Re: Reading and writing from/to sound devices without AU
Re: Reading and writing from/to sound devices without AU
- Subject: Re: Reading and writing from/to sound devices without AU
- From: Brian Willoughby <email@hidden>
- Date: Thu, 10 Mar 2011 01:20:21 -0800
On Mar 10, 2011, at 00:34, Rick Mann wrote:
There are numerous schemes for modulating digital data (say, a
short text message) on an RF carrier. The data is usually very low
bandwidth, and fits in a typical audio spectrum. My could would
take in this modulated audio and demodulate it, recovering the
original text message. It may, optionally, also send the
undemodulated audio out to the speaker so it can be heard at the
same time (it would sound something like an old modem.
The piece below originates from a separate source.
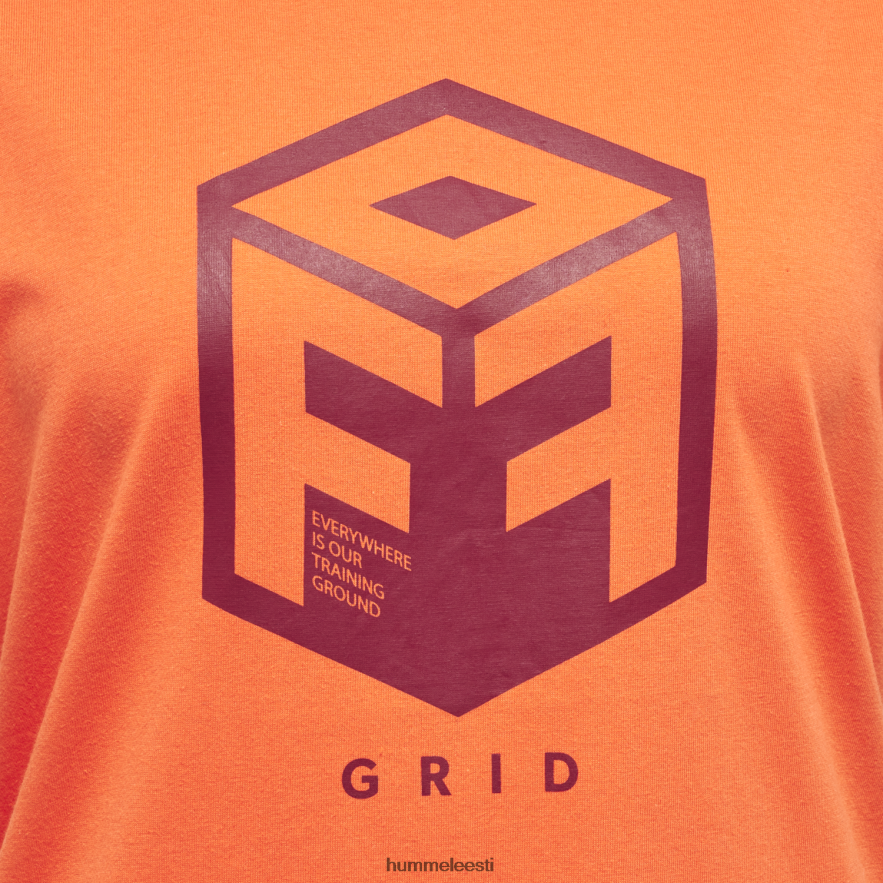 ee Hummel unisex hmloffgrid puuvillane jersey s/s wo N6442D2716 \"lühikeste varrukatega kampsun\"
Sometimes what's encoded in the RF carrier is an audio signal you
want to hear directly (someone's voice, or morse code, or
whatever). For this, Audio Units are probably the right way to go.
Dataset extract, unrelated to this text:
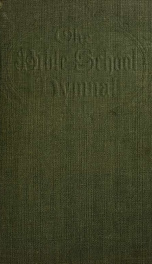 The Bible school hymnal_cover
What you describe would be very similar to a metering AU that doesn't
do anything to the audio but pass it through. In other words, it's
not entirely unheard of for an AU to do nothing but create a visual
output.
That said, I don't think an AudioUnit would be the first choice for
your ASCII demodulation.
To summarize: CoreAudio offers several options for processing data
from an audio interface.
1) You can use the HAL or AUHAL to connect directly to the audio
interface, and then your application would hook into the data via
callbacks. In this scenario, your application handles 100% of the
audio processing. The HAL itself is a bit difficult to use directly,
but it involves no AudioUnits at all. However, the AUHAL is a
special AudioUnit that handles most of the messy details of the HAL
for you. If you use the AUHAL, then it might be the only AudioUnit
in your entire application. You basically open an "output" AUHAL
even though you're not going to produce any output; just be sure to
enable the input scope and probably disable the output scope if it is
not to be used.
2) You can create an AUGraph that combines AUHAL with other
AudioUnits for processing all of your audio. You get to control the
signal flow, number of channels, mixing, combining, and everything
else. You can even handle some processing of audio within you
application instead of needing an AudioUnit for every operation. I
have noticed that each node in the graph can only go to your app or
to an AU, not both, so you have to plan your design properly if you
want to mix callbacks with AUs. I personally think this might be
your best option, since you can leverage existing AudioUnits for
common signal processing tasks, without needing to write your own low-
pass filter. All you'd really need to do is handle the specific
demodulation. Using callbacks means you might not even have to write
a single AU on your own.
3) AudioQueue is the next highest level. I don't use these much,
because they're less flexible. I cannot recall whether you have as
many options for callbacks, if any at all. In other words, this
might be an option for you, but you should double-check the
documentation to see if everything you need is possible. I think
that if you wanted to store the SDR data for later processing, then
an AudioQueue in recording mode might be a good idea. But if you
simply want to decode in real time then AUGraph is probably better.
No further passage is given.